(Image-caption web data)
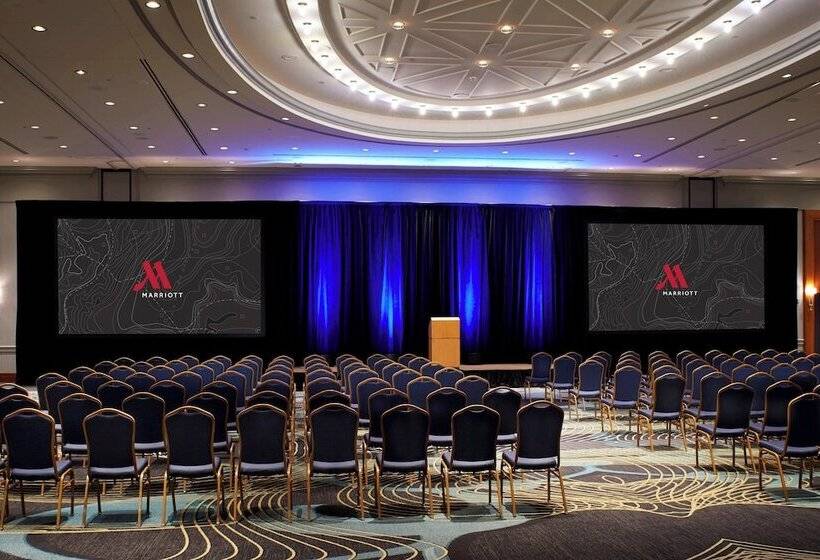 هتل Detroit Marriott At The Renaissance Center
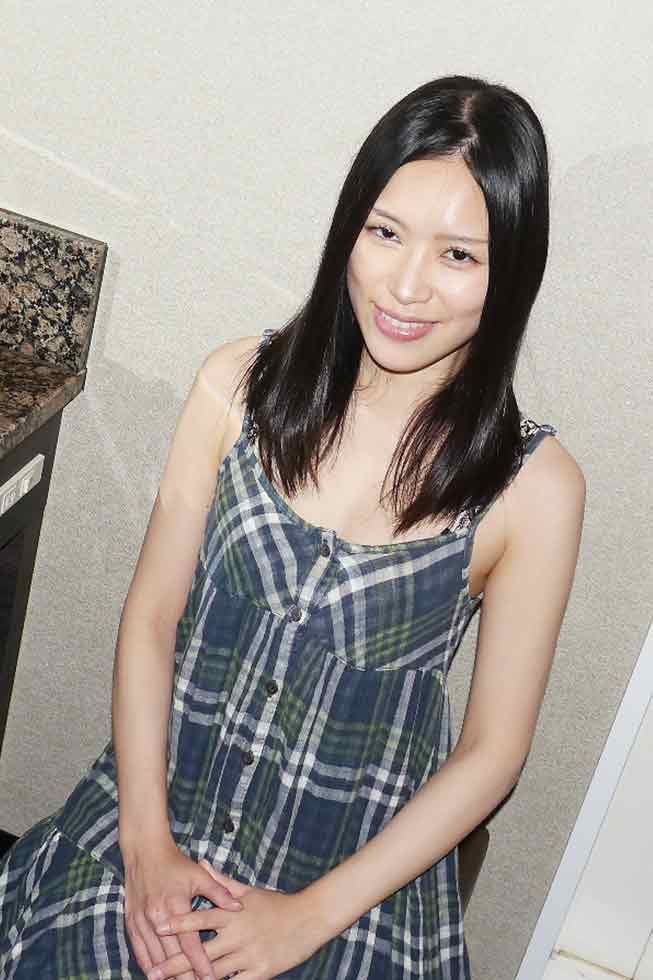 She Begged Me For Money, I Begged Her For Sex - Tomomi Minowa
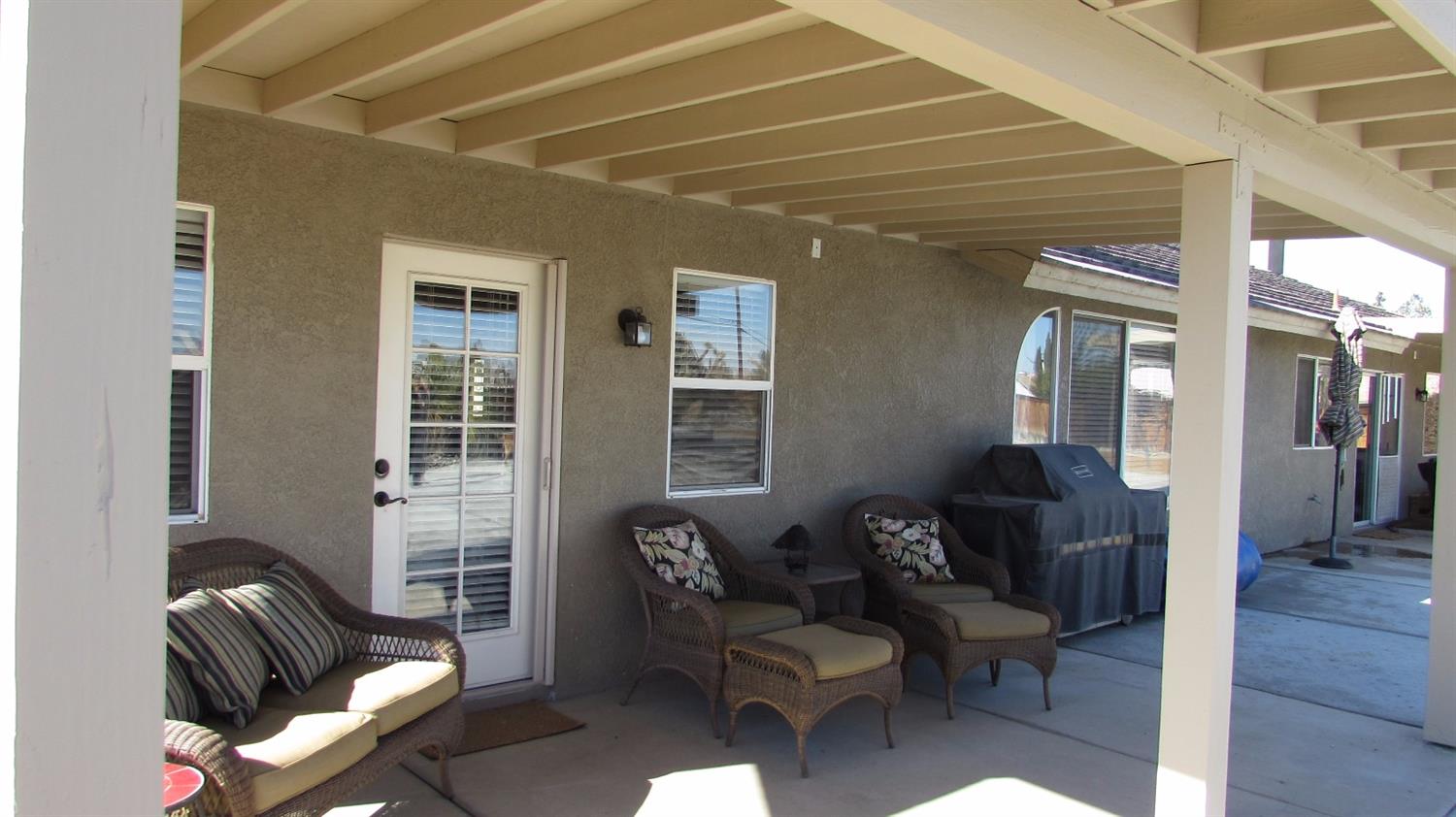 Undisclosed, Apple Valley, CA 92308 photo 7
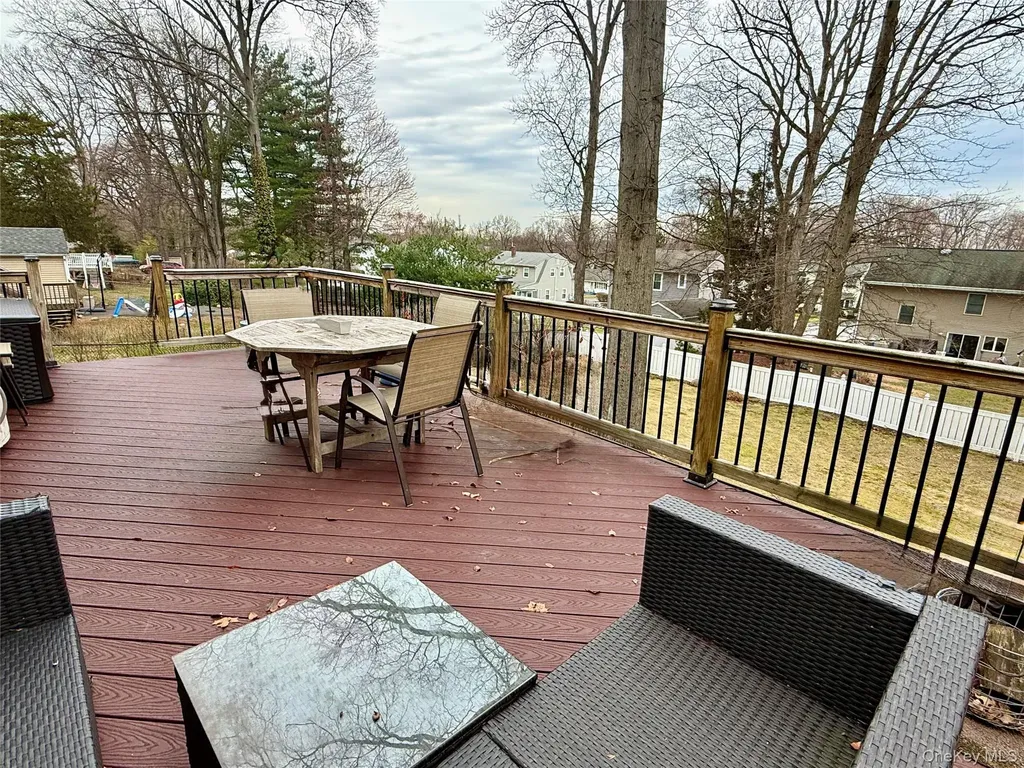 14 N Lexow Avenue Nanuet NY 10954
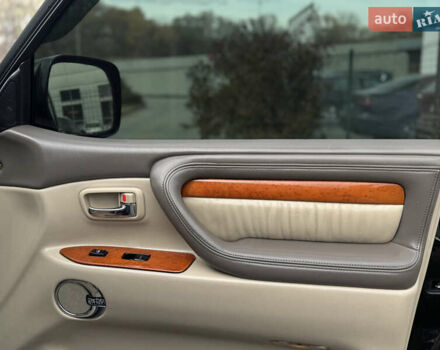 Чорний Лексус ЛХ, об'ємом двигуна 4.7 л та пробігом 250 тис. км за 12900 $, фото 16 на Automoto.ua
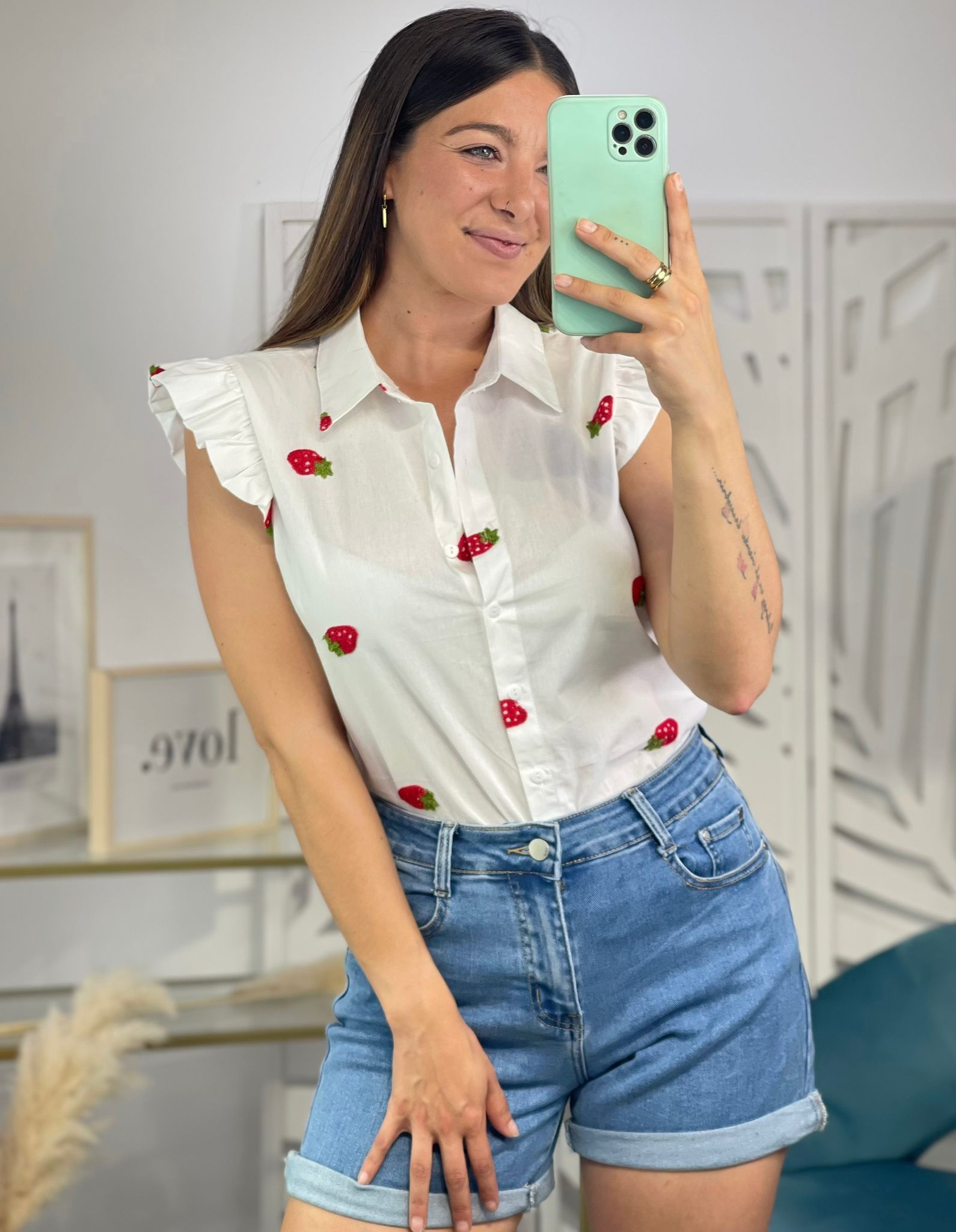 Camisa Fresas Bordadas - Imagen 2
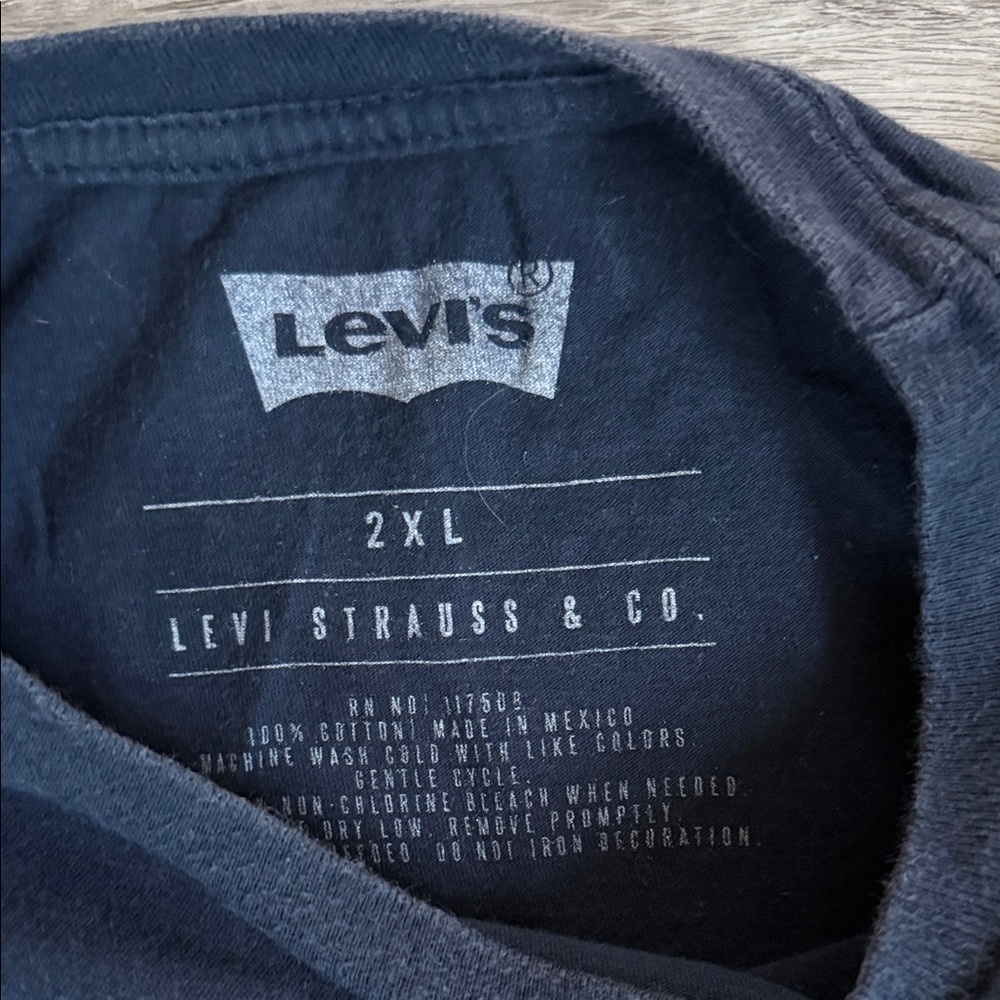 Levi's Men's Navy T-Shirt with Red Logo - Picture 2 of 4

◆ WHAT YOU ARE ASKED TO DO ◆
Repeat the entries exactly, pictures left out.

◆ OUTPUT OF THE TASK ◆
 هتل Detroit Marriott At The Renaissance Center
 She Begged Me For Money, I Begged Her For Sex - Tomomi Minowa
 Undisclosed, Apple Valley, CA 92308 photo 7
 14 N Lexow Avenue Nanuet NY 10954
 Чорний Лексус ЛХ, об'ємом двигуна 4.7 л та пробігом 250 тис. км за 12900 $, фото 16 на Automoto.ua
 Camisa Fresas Bordadas - Imagen 2
 Levi's Men's Navy T-Shirt with Red Logo - Picture 2 of 4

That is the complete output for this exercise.